### [WHAT YOU NEED TO DO]
Could you return the data that follows exactly, minus the images?

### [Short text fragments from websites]
((
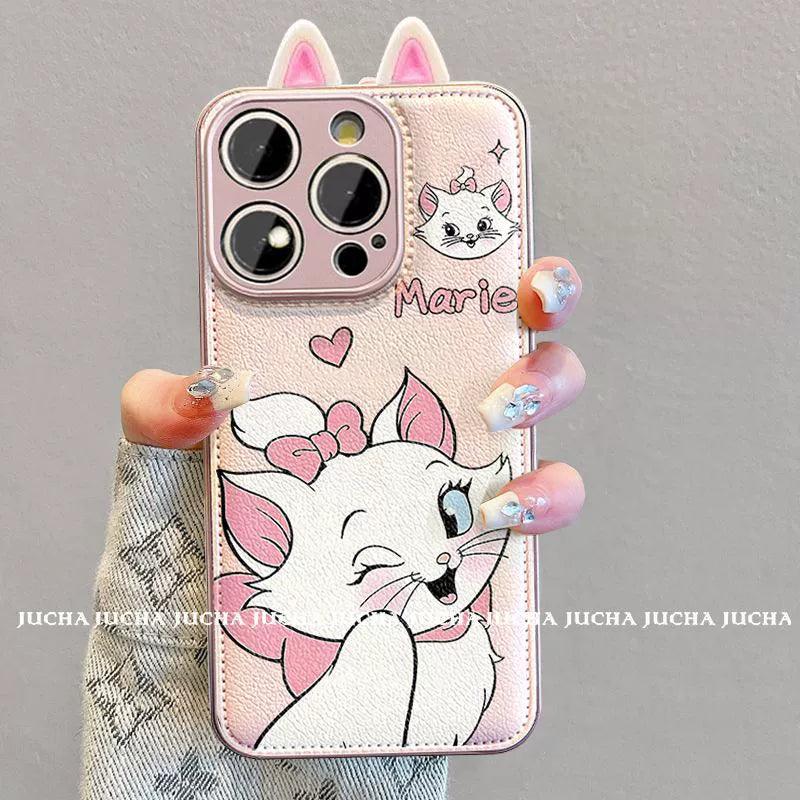 A luxurious smartphone case with a string, featuring a pink-eared Marie Cat design, excellent shock and vibration resistance, and compatible with iPhones.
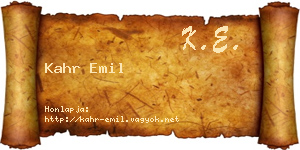 Kahr Emil névjegykártya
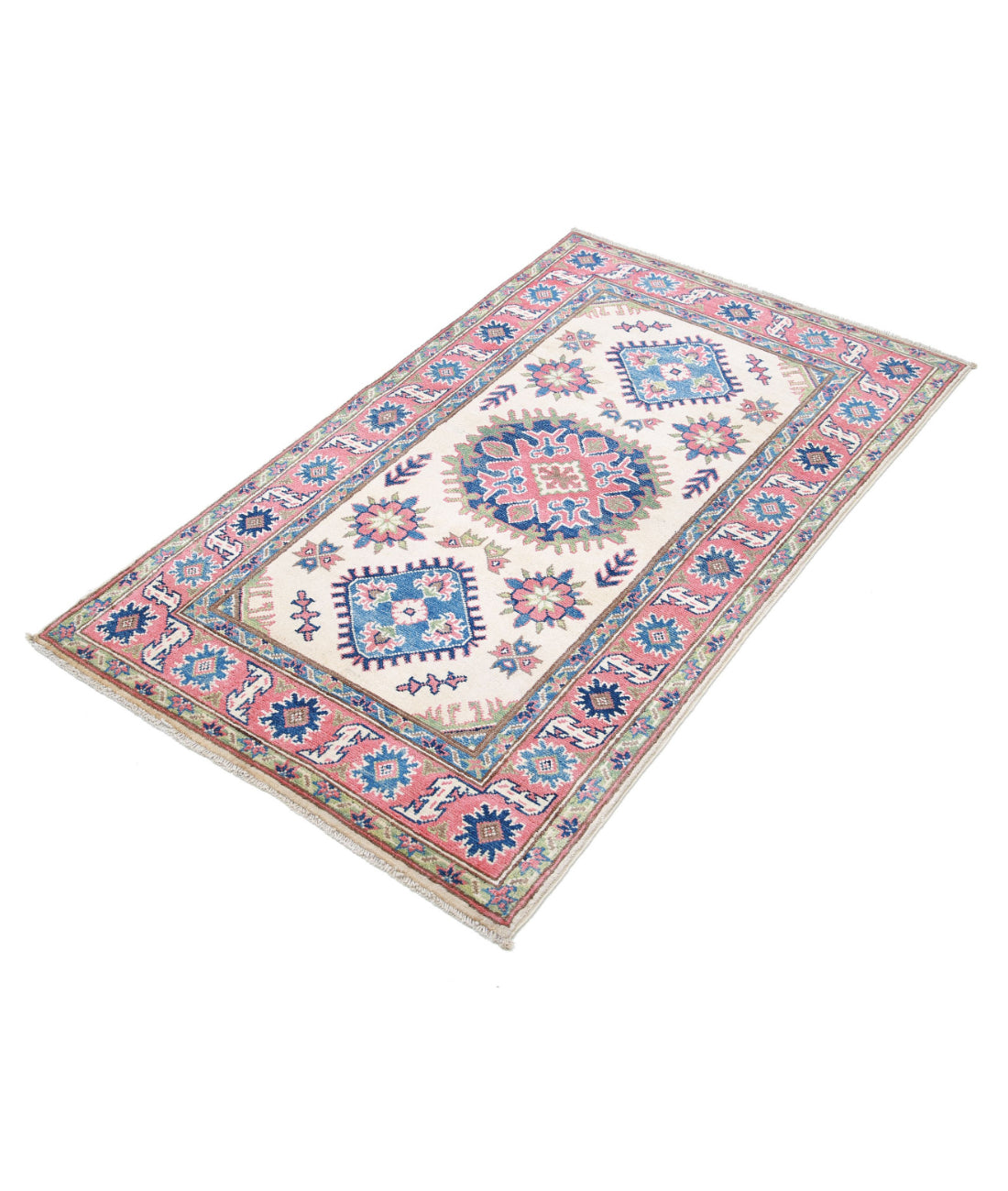 Hand Knotted Tribal Kazak Wool Rug - 2'10'' x 4'11'' 2'10'' x 4'11'' (85 X 148) / Ivory / Red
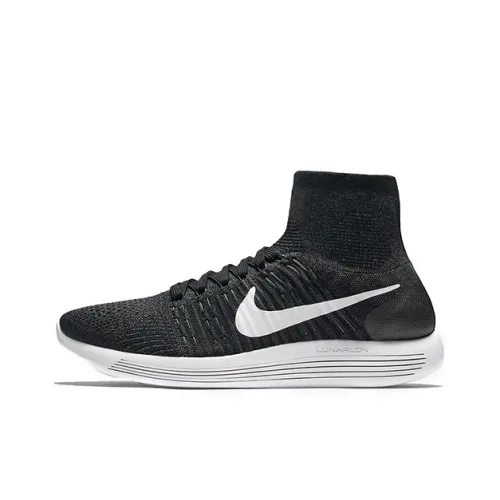 Nike LunarEpic Flyknit High Топ Беговые кроссовки Мужской Черный белый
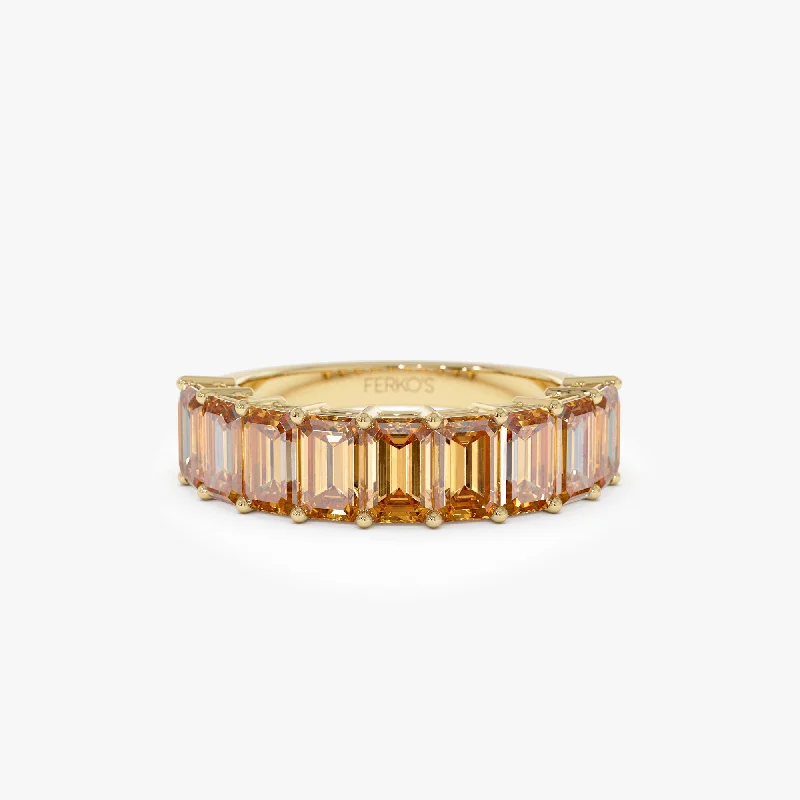 Citrine Gemstone Rings in a Modern Minimalist StyleCitrine Gemstone Rings in a Modern Minimalist Style14k Emerald Cut Citrine Nine Stone Ring 2.70ctw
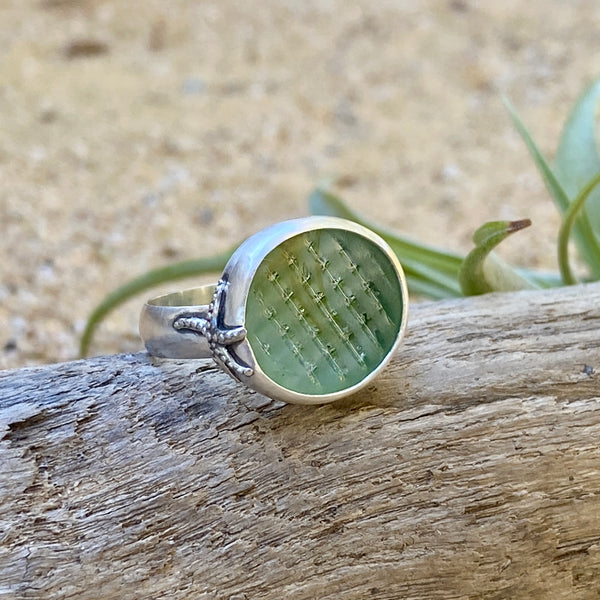 Signature Style Moss Green Ohajiki Sea Glass Ring — Sterling Silver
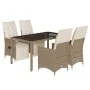 Garden table and 5-piece chair set with beige synthetic rattan cushions. by , Garden sets - Ref: Foro24-3276939, Price: 584,7...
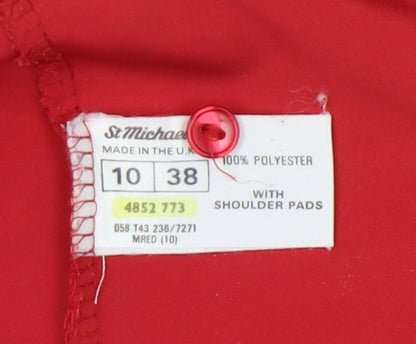 Womens UK Size 10 St Michael Red Basic Blouse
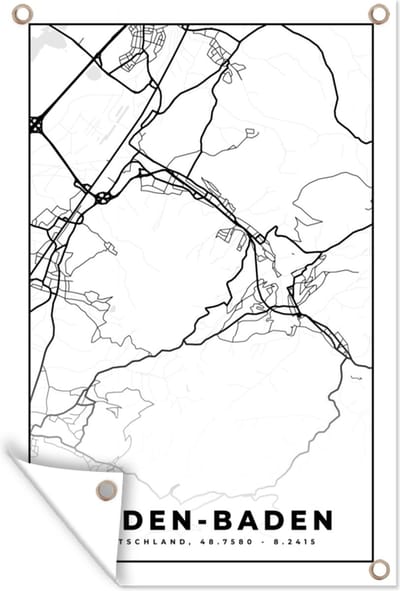 Muurdecoratie Baden-Baden - Plattegrond - Kaart - Stadskaart - 120x180 cm - Tuinposter - Tuindoek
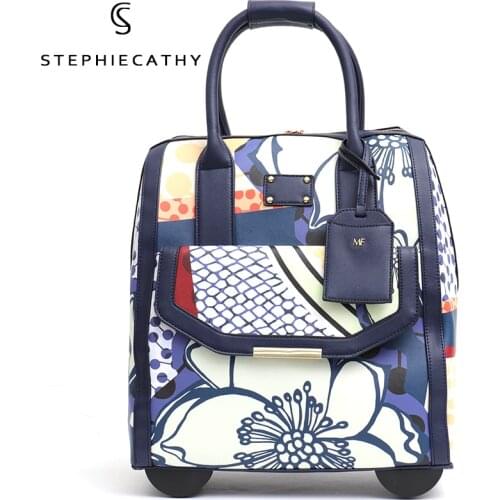 SC Fashion PU Leather Travel Bags For Women Suitcase Rolling Carry on Valise Female Vegan Leather Flight Trolley Wheels Luggage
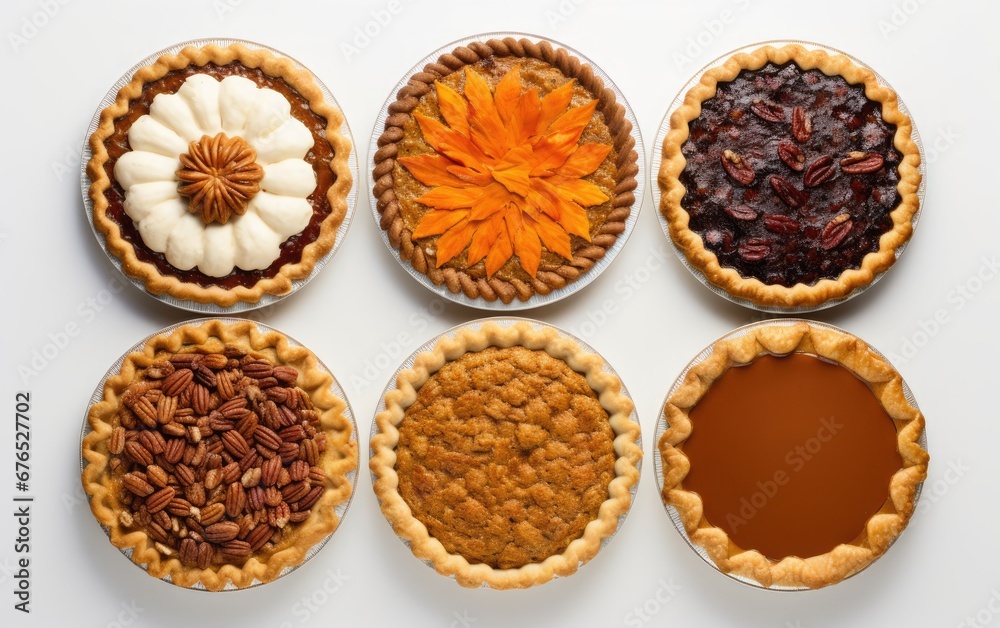 Various Thanksgiving pies on a modern, simple white background, in a flat lay, overhead shot with copy space Various Thanksgiving pies on a modern, simple white background, in a flat lay, overhead shot with copy space
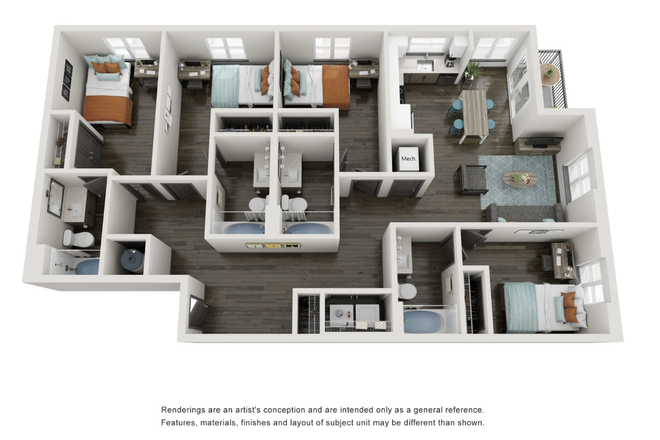 3D Floorplan - Theory Gainesville 4x4 C - $500 off first rent payment
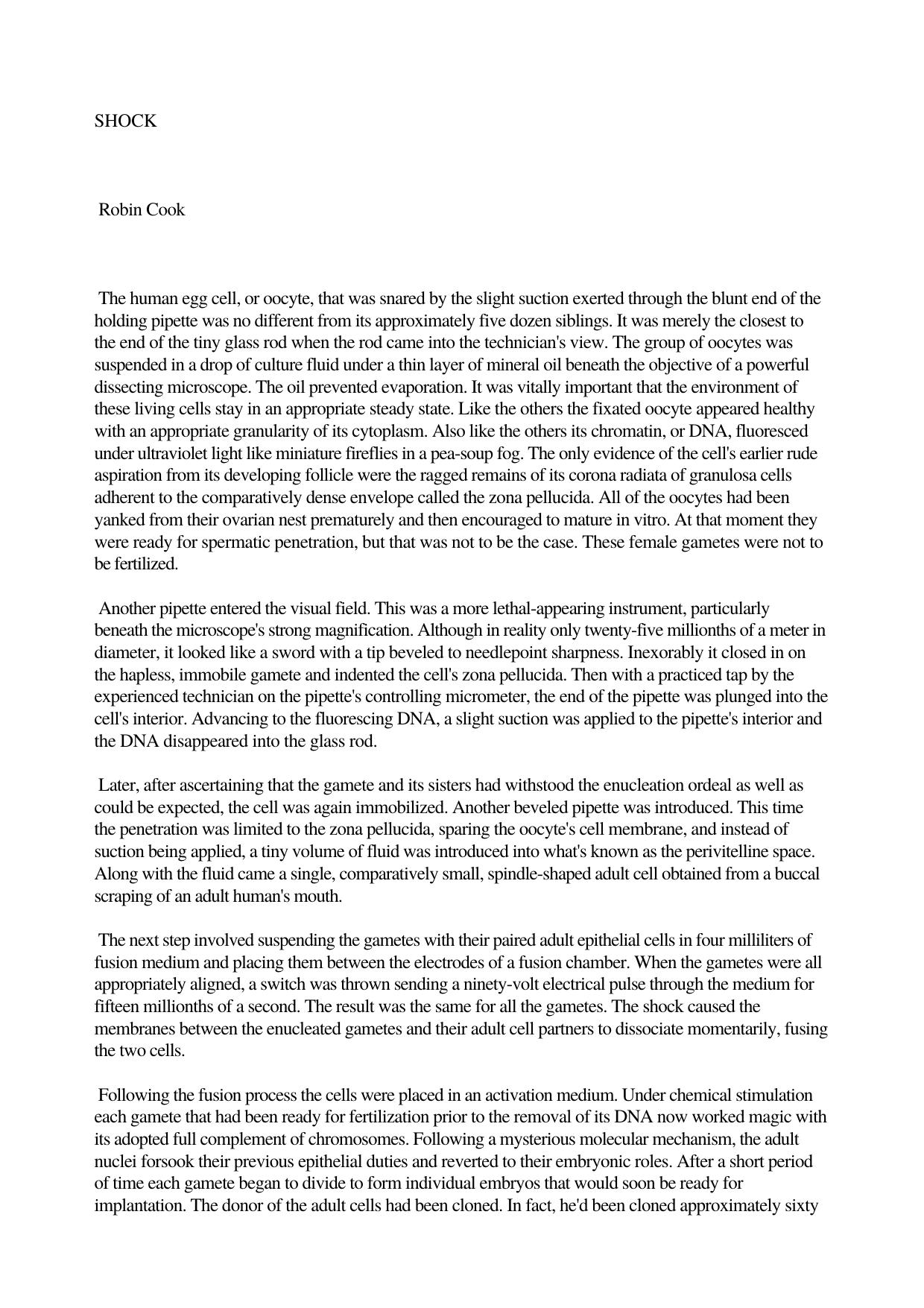 Shock By Robin Cook by Unknown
))
### [WRITTEN SOLUTION]
 A luxurious smartphone case with a string, featuring a pink-eared Marie Cat design, excellent shock and vibration resistance, and compatible with iPhones.
 Kahr Emil névjegykártya
 Hand Knotted Tribal Kazak Wool Rug - 2'10'' x 4'11'' 2'10'' x 4'11'' (85 X 148) / Ivory / Red
 Nike LunarEpic Flyknit High Топ Беговые кроссовки Мужской Черный белый
 Citrine Gemstone Rings in a Modern Minimalist StyleCitrine Gemstone Rings in a Modern Minimalist Style14k Emerald Cut Citrine Nine Stone Ring 2.70ctw
 Signature Style Moss Green Ohajiki Sea Glass Ring — Sterling Silver
 Garden table and 5-piece chair set with beige synthetic rattan cushions. by , Garden sets - Ref: Foro24-3276939, Price: 584,7...
 Womens UK Size 10 St Michael Red Basic Blouse
 Muurdecoratie Baden-Baden - Plattegrond - Kaart - Stadskaart - 120x180 cm - Tuinposter - Tuindoek
 SC Fashion PU Leather Travel Bags For Women Suitcase Rolling Carry on Valise Female Vegan Leather Flight Trolley Wheels Luggage
 Various Thanksgiving pies on a modern, simple white background, in a flat lay, overhead shot with copy space Various Thanksgiving pies on a modern, simple white background, in a flat lay, overhead shot with copy space
 3D Floorplan - Theory Gainesville 4x4 C - $500 off first rent payment
 Shock By Robin Cook by Unknown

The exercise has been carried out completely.